__Task__. Beginning with the line that holds "Mini Retroexcavadora y" and finishing with the line that holds "McCrunchy Chicken", repeat the listing exactly, leaving every picture out.
##### Material for this task #####
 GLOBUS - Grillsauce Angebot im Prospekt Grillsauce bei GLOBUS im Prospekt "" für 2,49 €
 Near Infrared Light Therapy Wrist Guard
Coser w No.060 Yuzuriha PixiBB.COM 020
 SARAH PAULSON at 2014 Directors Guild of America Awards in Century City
#####
##### Material for this task #####
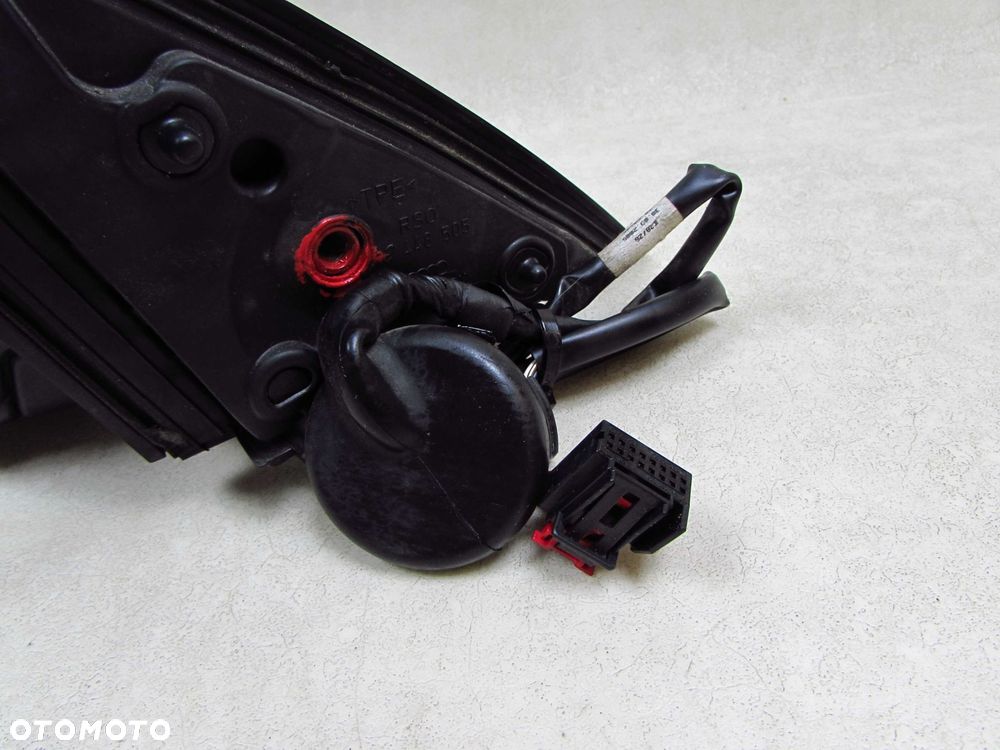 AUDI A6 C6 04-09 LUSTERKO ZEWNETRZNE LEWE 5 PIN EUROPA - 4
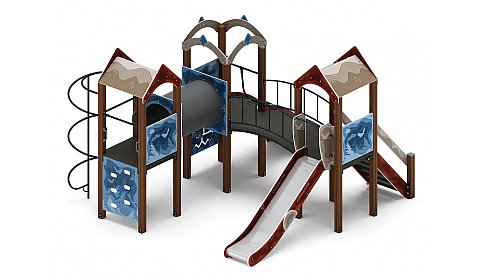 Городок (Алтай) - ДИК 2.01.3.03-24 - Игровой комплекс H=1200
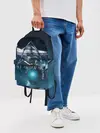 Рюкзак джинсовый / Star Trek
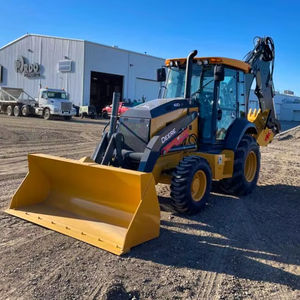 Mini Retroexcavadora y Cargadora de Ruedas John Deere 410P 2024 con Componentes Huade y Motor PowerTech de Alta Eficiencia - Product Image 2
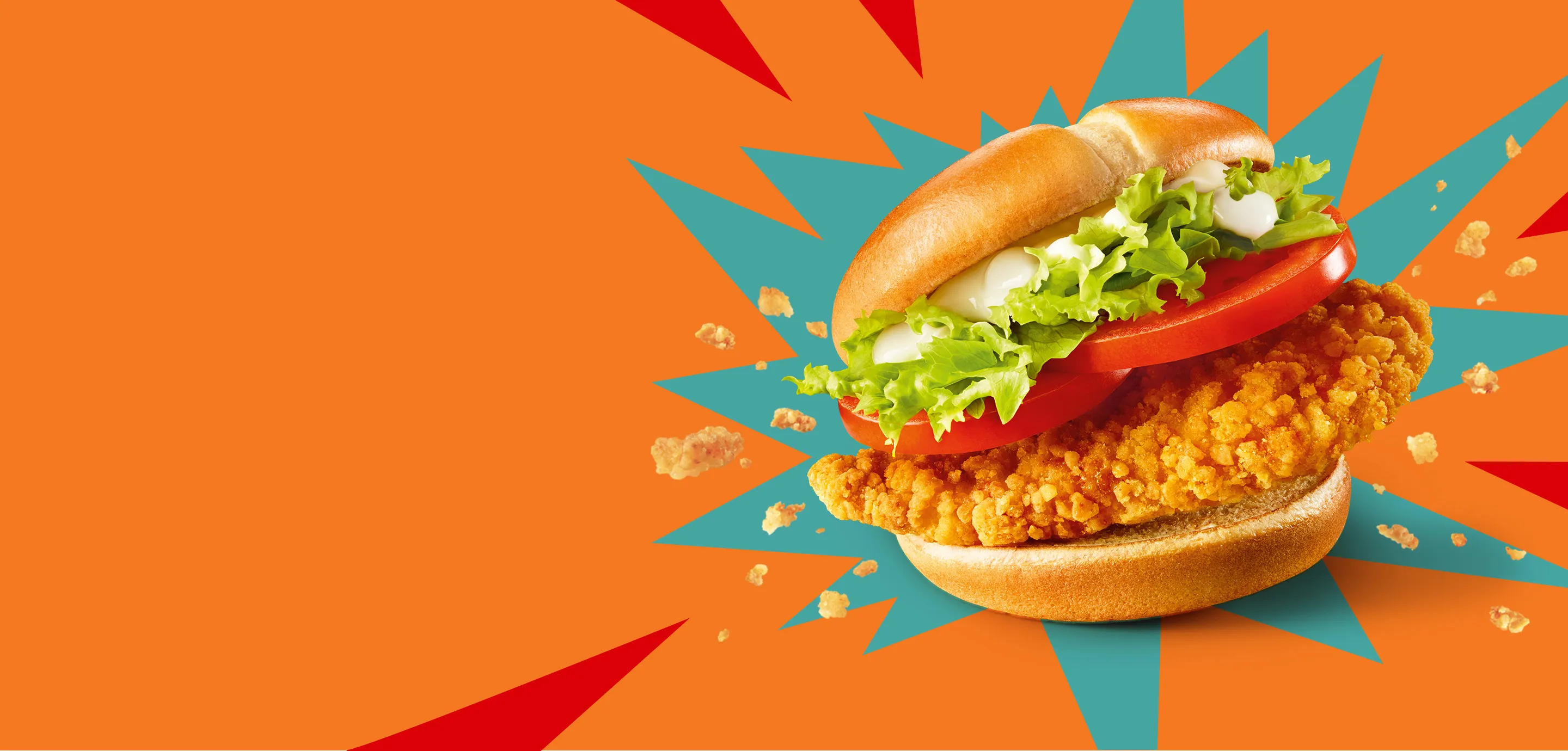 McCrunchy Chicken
#####
__Solved exercise__.
 Mini Retroexcavadora y Cargadora de Ruedas John Deere 410P 2024 con Componentes Huade y Motor PowerTech de Alta Eficiencia - Product Image 2
 McCrunchy Chicken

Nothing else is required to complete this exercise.